Hearing in Bank denied.
Appeal from a judgment of the Superior Court of Trinity County, and from an order refusing a new trial.
W. J. Tinnin, and T. L. Carothers, for Appellant.
C. E. Williams, J. W. Philbrook, L. D. Latimer, and Frederick S. Stratton, for Respondent.
JUDGES: Searls, C. Belcher, C. C., and Foote, C., concurred.
Action to recover damages on breach of contract. Plaintiff had verdict and judgment for $ 714 and costs. Defendant moved for a new trial, which was denied, and the appeal is from final judgment and order overruling motion for new trial.
We have examined the several errors assigned by appellant, and conclude that with a single exception they are not supported by law.
The exception referred to is as follows:
At the trial defendant asked the court to instruct the jury in these words:
" A witness wilfully false in one part of his testimony is to be distrusted in his other testimony." The instruction was modified by the court by striking out the words "is to," and inserting in lieu thereof the word "may," so that the instruction as given reads: "A witness wilfully false in one part of his testimony may be distrusted in his other testimony."
To which modification of the instruction defendant excepted, and the ruling is assigned as error.
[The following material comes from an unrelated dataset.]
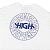 HIGH TEE ZODIAC WHITE - Imagem 3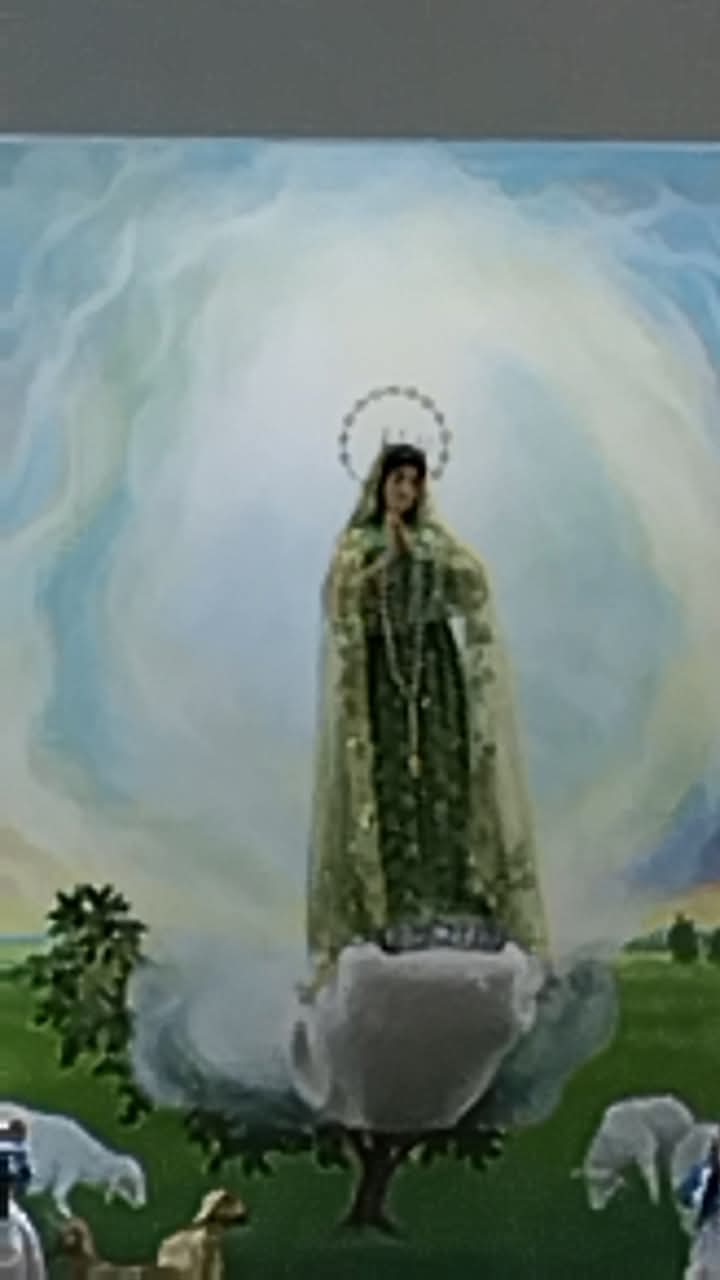 leetx-google-photo-77614-7 leetx-google-photo-77614-7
Section 2061 of the Code of Civil Procedure, subdivision 3, provides: "That a witness false in one part of his testimony is to be distrusted in others."
The rule as formulated in the Code is substantially the same as that laid down by law-writers and followed by the courts prior to the adoption of our Codes.
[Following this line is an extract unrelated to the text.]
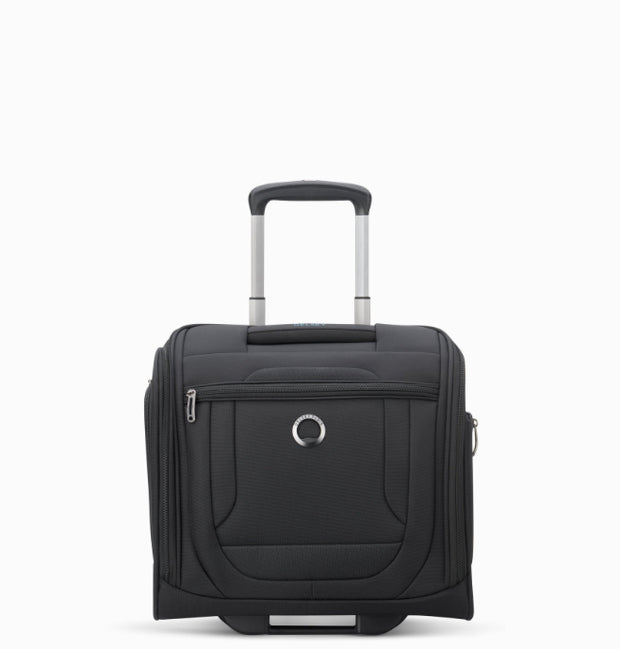 Under-Seater DELSEY Helium Dlx 2W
In People v. Sprague , 53 Cal. 494, the court say: "The maxim falsus in uno, falsus in omnibus, is not to be construed as authorizing a court to charge that if a witness perjures himself in respect to one or more particulars, the jury must reject all his testimony. (People v. Strong , 30 Cal. 156.)
" The rule is that the jury may reject the whole of the testimony of a witness who has wilfully sworn falsely as to a material point, that is to say, the jury being convinced that a witness has stated what was [7 P. 827] untrue, not as the result of mistake, or inadvertence, but wilfully and with the design to deceive, must treat all his testimony with distrust and suspicion, and reject all, unless they shall be convinced, notwithstanding the base character of the witness, that he has in other particulars sworn to the truth.
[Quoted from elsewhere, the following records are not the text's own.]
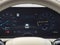 2025 Hyundai SANTA FE Calligraphy AWD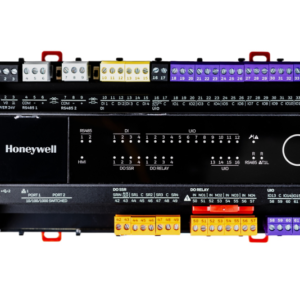 Bộ điều khiển Honeywell Optimizer Essential Controller - BMS Honeywell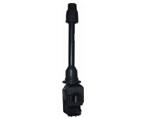 Ignition Coil KD-9010A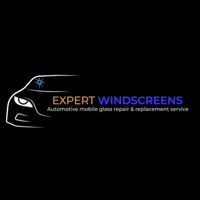 expertwindscreens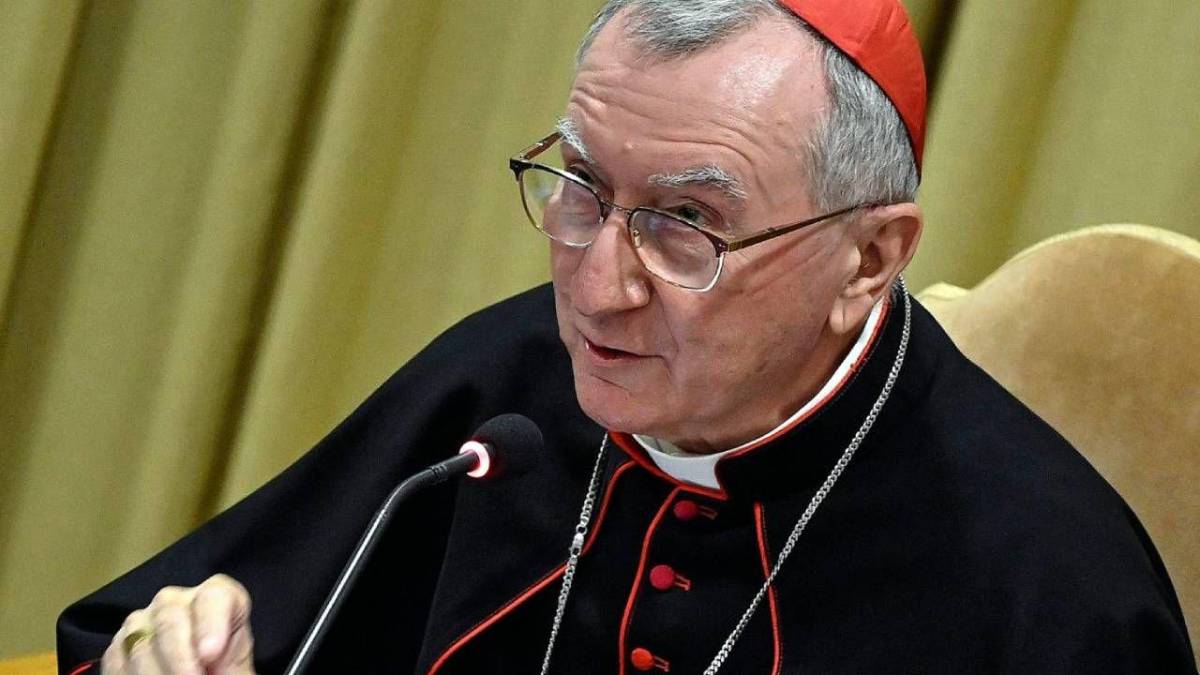 ¿Quién será el próximo Papa? Estos son los cardenales favoritos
" The third subdivision of section 2, 061 of the Code of Civil Procedure is but declaratory of the rule above considered, and by requiring a jury to distrust, necessarily authorizes them to reject all the testimony of such a witness in a proper case."
In that case defendant's counsel had asked the court to instruct the jury in the language of the Code, and the court had added the word "wilfully" before the word "false," and the contention in this court was as to the propriety of such addition, and it was held proper, and that "the word 'wilfully' did not change the effect of the instruction as offered." People v. Soto , 59 Cal. 367, and People v. Hicks , 53 Cal. 354, are to the same general effect.
The question involved in the present case is, however, somewhat different from the contention in those cited.
Here the law provides that a witness wilfully false in one part of his testimony is to be distrusted, not that the jury may or may not distrust his testimony, but they are to be told, that as matter of law, his testimony is to be distrusted. This distrust forms the basis or standpoint from which they must view his testimony, the standard by which to weigh his utterances. It is true that notwithstanding this legal distrust which the law casts upon a witness wilfully false in a material part of his testimony, the jury may believe him upon other points -- they are to be the sole judges as to that -- there may be abundant reasons why they not only may, but why they should believe him in other particulars. The truth is not to be rejected, because it passes through a false medium, but as to the existence of the truth the jury is the sole judge.
The jury was told that in such cases a witness may be distrusted; the law says he is to be distrusted, that is, that he must be distrusted. A thing that is to be, must be. The distrust which is cast upon a witness wilfully false in a material part of his testimony is a presumption of law for the court, and with which the the jury has nothing to do except to receive and act upon. It is a rebuttable presumption, to be overcome by facts and circumstances of which they are the sole judges.
The word "may" inserted by the court, was not synonymous with the "is to," of the Code; it imported to the jury that they might or might not, at their option, distrust a witness, wilfully false in one portion of his testimony, when as matter of law they must distrust him, and may or may not, notwithstanding such distrust, believe him.
The law presumes every man accused of crime innocent until his guilt is shown. This is a presumption not to be acted upon or rejected by a jury at their will or pleasure. So a witness wilfully false is to be distrusted by a jury, and with this distrust as a factor in the problem, they may, they are at liberty to, believe or not to believe him in other particulars.
We think the court below e rred in its modification of the instruction, [7 P. 828] and that for such error the judgment and order should be reversed and a new trial ordered.
The Court. -- For the reasons given in the foregoing opinion the judgment and order are reversed and the cause remanded for a new trial.